▶ **What you have to do**
Each record needs to be transcribed exactly.
Start of Recorded information
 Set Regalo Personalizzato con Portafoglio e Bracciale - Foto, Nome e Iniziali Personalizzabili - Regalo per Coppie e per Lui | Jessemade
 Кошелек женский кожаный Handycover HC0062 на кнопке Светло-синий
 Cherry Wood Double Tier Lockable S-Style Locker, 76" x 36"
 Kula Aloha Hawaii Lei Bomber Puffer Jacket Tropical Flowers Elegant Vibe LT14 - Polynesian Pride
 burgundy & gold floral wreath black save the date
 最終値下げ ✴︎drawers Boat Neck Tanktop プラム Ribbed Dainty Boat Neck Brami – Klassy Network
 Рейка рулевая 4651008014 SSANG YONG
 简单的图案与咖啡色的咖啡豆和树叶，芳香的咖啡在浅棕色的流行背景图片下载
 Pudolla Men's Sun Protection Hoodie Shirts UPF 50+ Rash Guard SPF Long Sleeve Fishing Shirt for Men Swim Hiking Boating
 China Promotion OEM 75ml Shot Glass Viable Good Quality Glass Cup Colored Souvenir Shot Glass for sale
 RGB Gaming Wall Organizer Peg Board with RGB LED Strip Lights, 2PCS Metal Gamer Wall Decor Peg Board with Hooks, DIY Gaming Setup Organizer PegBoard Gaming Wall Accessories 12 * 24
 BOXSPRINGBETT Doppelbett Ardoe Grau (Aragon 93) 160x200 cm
End of Recorded information
▶ **Solution to this exercise**
 Set Regalo Personalizzato con Portafoglio e Bracciale - Foto, Nome e Iniziali Personalizzabili - Regalo per Coppie e per Lui | Jessemade
 Кошелек женский кожаный Handycover HC0062 на кнопке Светло-синий
 Cherry Wood Double Tier Lockable S-Style Locker, 76" x 36"
 Kula Aloha Hawaii Lei Bomber Puffer Jacket Tropical Flowers Elegant Vibe LT14 - Polynesian Pride
 burgundy & gold floral wreath black save the date
 最終値下げ ✴︎drawers Boat Neck Tanktop プラム Ribbed Dainty Boat Neck Brami – Klassy Network
 Рейка рулевая 4651008014 SSANG YONG
 简单的图案与咖啡色的咖啡豆和树叶，芳香的咖啡在浅棕色的流行背景图片下载
 Pudolla Men's Sun Protection Hoodie Shirts UPF 50+ Rash Guard SPF Long Sleeve Fishing Shirt for Men Swim Hiking Boating
 China Promotion OEM 75ml Shot Glass Viable Good Quality Glass Cup Colored Souvenir Shot Glass for sale
 RGB Gaming Wall Organizer Peg Board with RGB LED Strip Lights, 2PCS Metal Gamer Wall Decor Peg Board with Hooks, DIY Gaming Setup Organizer PegBoard Gaming Wall Accessories 12 * 24
 BOXSPRINGBETT Doppelbett Ardoe Grau (Aragon 93) 160x200 cm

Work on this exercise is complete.